It’s official.

It’s official. I have lost 35 pounds in two weeks. Well, only 32 since people have been bringing us meals. :) Laelie gained her required eight ounces plus five more to show off for her doctor’s appointment. She showed her disdain for the scale, though, by promptly peeing all over everything… twice. Little imp.

I’m still having the nightmares. The memories of them are worse since I have to wake up every two and a half hours to feed my daughter. So I have clear images still bursting in my head as I’m tending to her. Lots of the dreams revolve around Laelie being tortured or starved. The first is a fear in line with her condition, and the second, a fear in line with being a new mom and having the ‘is-she-getting-enough?’ thoughts after each breast feeding. Her weight is showing she’s getting enough and I just have to tell myself that my fear is normal but false.

However, the nightmares where she’s being tortured are more real. They aren’t normal. They aren’t false. That’s her future.

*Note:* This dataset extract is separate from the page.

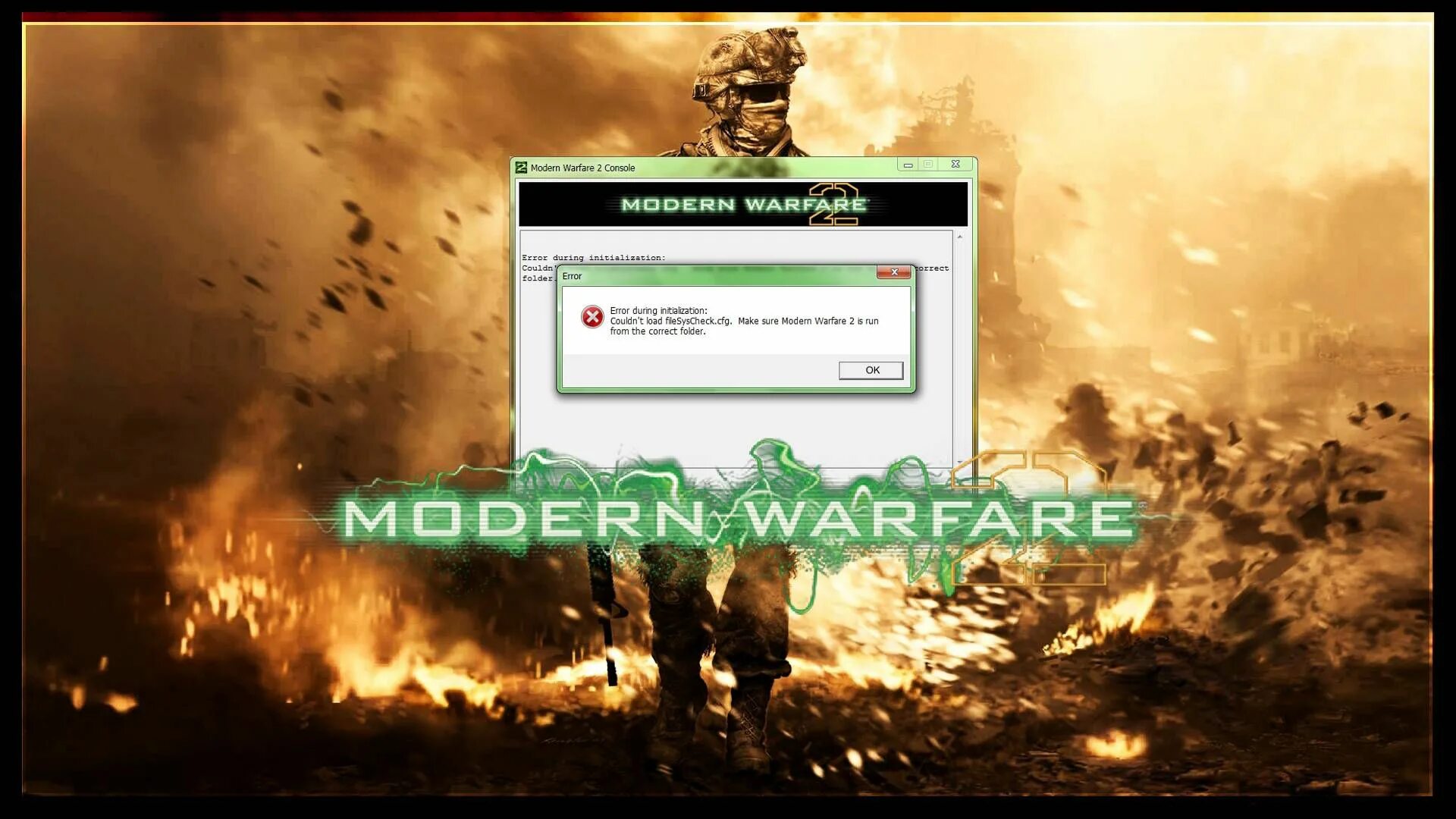 Cfg load. Call of Duty Modern Warfare 2 ошибка. Call of Duty Error. Call of Duty Ghosts ошибка при запуске. Ошибка в Cod MW.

I see the pictures on this site and am reminded of a happy couple anticipating the arrival of their first baby. Psalm 126:3 says, “The Lord has done amazing things for us! What joy!” (NLT) That’s the way I thought I would feel when she came into the world. It feels like the joy got robbed from us. I wonder when I can join the psalmist in his exclamation. Will I be able to before she’s too much older?

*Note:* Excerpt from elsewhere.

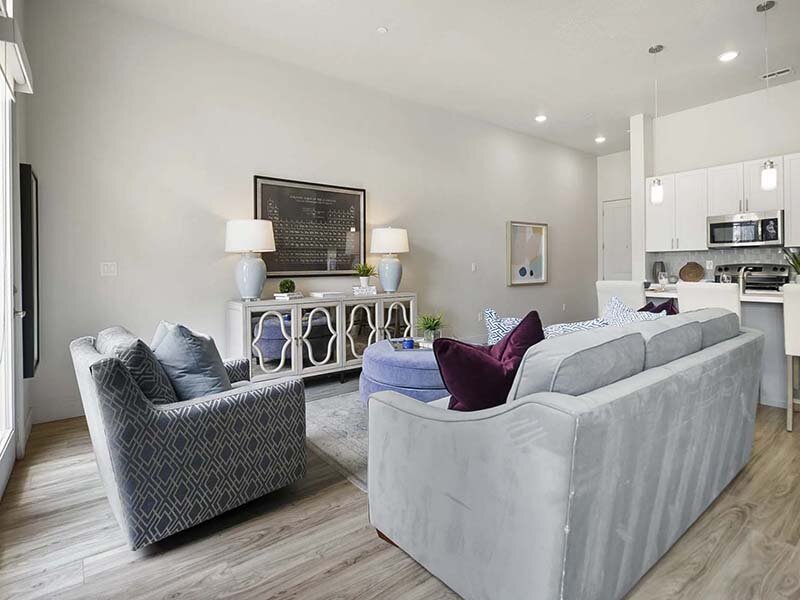Living Room with Wall Art and Wood Style Flooring | 200 City View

Charley still answers the phone saying, “Hi,… Good, how are you?…” and I hate it because we’re so far away from doing “good.” Of course Charley is already moving over this bump in the road so often I’m left alone in my grief. He’s already in a mood to do parenty things like talking about what school she’ll go to and getting her a gmail account (he was so mad when Laelia@gmail.com was not available :)). I’m not there yet. He’s talking about where to go for holidays and going on dates with me again while a babysitter watches her. I’m *definitely* not there yet. I was invited to the Halloween party at work and Thanksgiving dinner at home (in Placerville), but I’m just not ready. Maybe I will want to leave the house someday and be happy to leave my little daughter with a friend, but that day is far away.

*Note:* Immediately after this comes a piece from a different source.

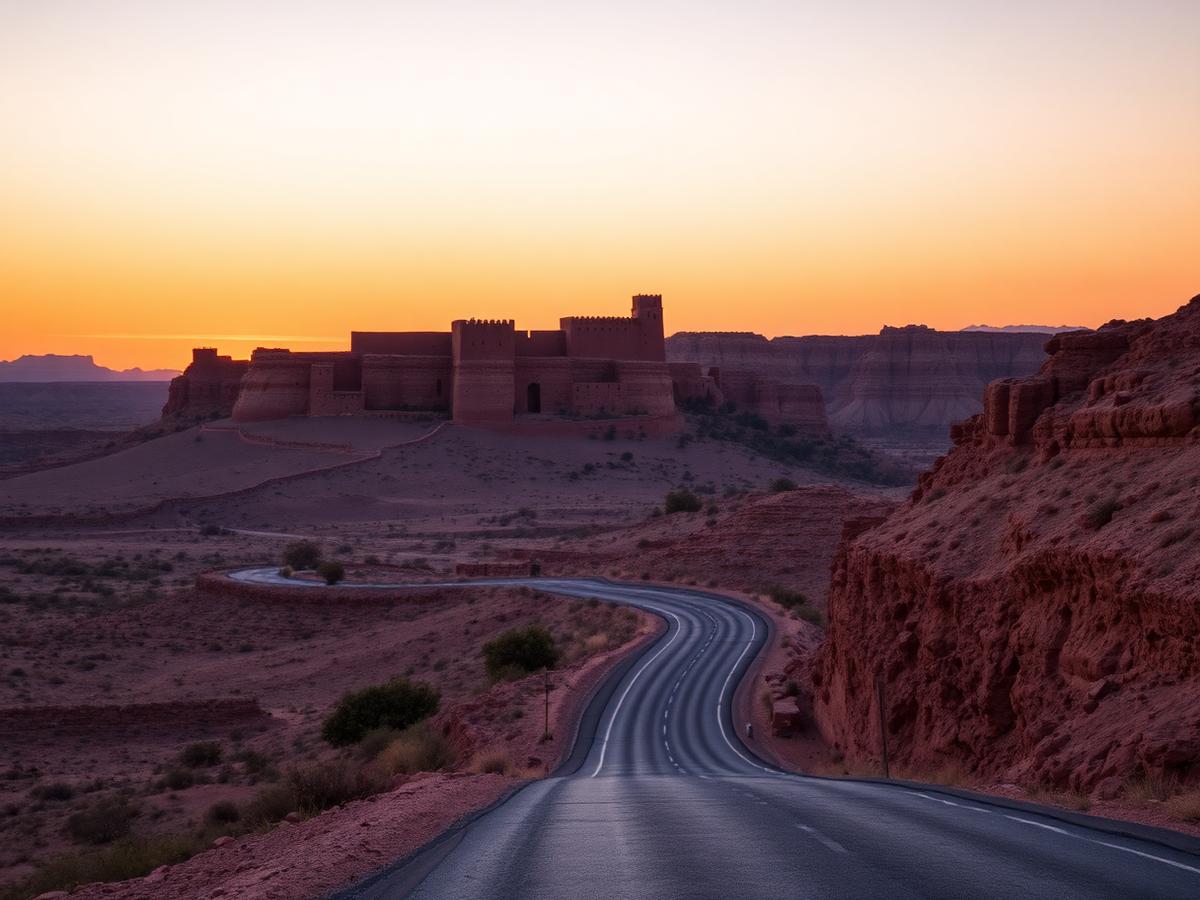 Winding road to a kasbah in southern Morocco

My grandfather had a stroke today. They found out later that it was a minor one and are testing him for clues to a major one coming. I admit I panicked at the overwhelming need to drive up there and the impossibility of doing it with a daughter whose car seat was meant for someone with legs that could bend to allow for the belt. I was frightened at the thought of leaving my house with a tiny, breakable child.

I know I need to let her spread her wings and climb trees and explore her world. I can’t be the overprotective beast of a mother who raises a dependent weakling. I keep thinking everything is going to hurt her and everything is painful for her. Charley laughed at me when I freaked out over the thought of her getting a cold. I tried to explain that because she was special, she just shouldn’t have to suffer anything extra like a cold, a bad haircut, a broken heart or growing pains. He told me I can’t deprive her of life just because she’s special. He’s right. I have no respect for that kind of botched parenting.

Charley’s always gentle with me when I go crazy. And he’s always making me laugh. I want my daughter to have a husband like him. I want her to feel attractive.

I have a hard time living from day to day. I am constantly jumping twenty years into the future and then crying my eyes out at the picture I see. Then on the flip side, I keep wishing it was twenty years in the future so my daughter could have already lived through most of the pain. Why can’t I just enjoy my baby? Well if joy comes in the morning I’d better get to bed and wait it out. The rest of my family is asleep on the couch.